I would like to get out of using MBED and move into a IDE on my machine instead. I am using a NUCLEO F401RE and would like to use the ST-LINK as a programmer to program a different device, can I please be suggested an IDE? I have heard that Eclipse and Keil are possible IDEs that I could use, but I am not sure which one to go for. I have always used atmels environment and worked with AVR stuff, and ST feels like a whole new ocean to me, please help me find my way around so I can start programming some microcontrollers.

thank you for your time.

Question relating to:

Affordable and flexible platform to ease prototyping using a STM32F401RET6 microcontroller.

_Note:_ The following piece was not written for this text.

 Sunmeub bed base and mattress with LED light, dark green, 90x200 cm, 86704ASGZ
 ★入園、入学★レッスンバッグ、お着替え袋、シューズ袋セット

Do you want to use ST's HAL or still use MBED HAL? If the latter, you can export to a variety of toolchains from the online IDE, and then work locally.

posted by Jan Jongboom 16 Aug 2016

3 Answers

7 years, 8 months ago.

Here's a really good online course to STM32 CubeMX and HAL libraries, I highly recommend it to get familiar with the many of the features available. In the course examples the following IDE's are used: IAR, Keil, Atollic and System Workbench. I used System Workbench myself.

http://www.st.com/content/st_com/en/about/events/events.html/stm32cube-basics-online-course-with-hands-on-exercises-a.html

Accepted Answer
7 years, 8 months ago.

You could use STM32CubeMX and System Workbench for STM32. They work really well for me.

system workbench, is it free? I know stmcube helps generate code for you depending on what you confugure. but I tried installing eclipse now, still havent gotten it to work, can you point me in the direction of a tutorial for system workbench? thanks

posted by ovi rahman 14 Aug 2016

Yes it is free.

Here is part 1 of a 2 part tutorial by Adam Bemski on YouTube https://www.youtube.com/watch?v=4Owyk7T8FzY

from here you can find other tutorials, some a little more advanced.

posted by Brian Bradley 15 Aug 2016
7 years, 8 months ago.

You can integrate GCC with emblocks, System Workbench, or a custom install of gcc. If you want to use mbed with an offline-compiler you can follow the instructions for gcc4mbed which integrates gcc with the mbed libs in an easy-to-use command-line interface.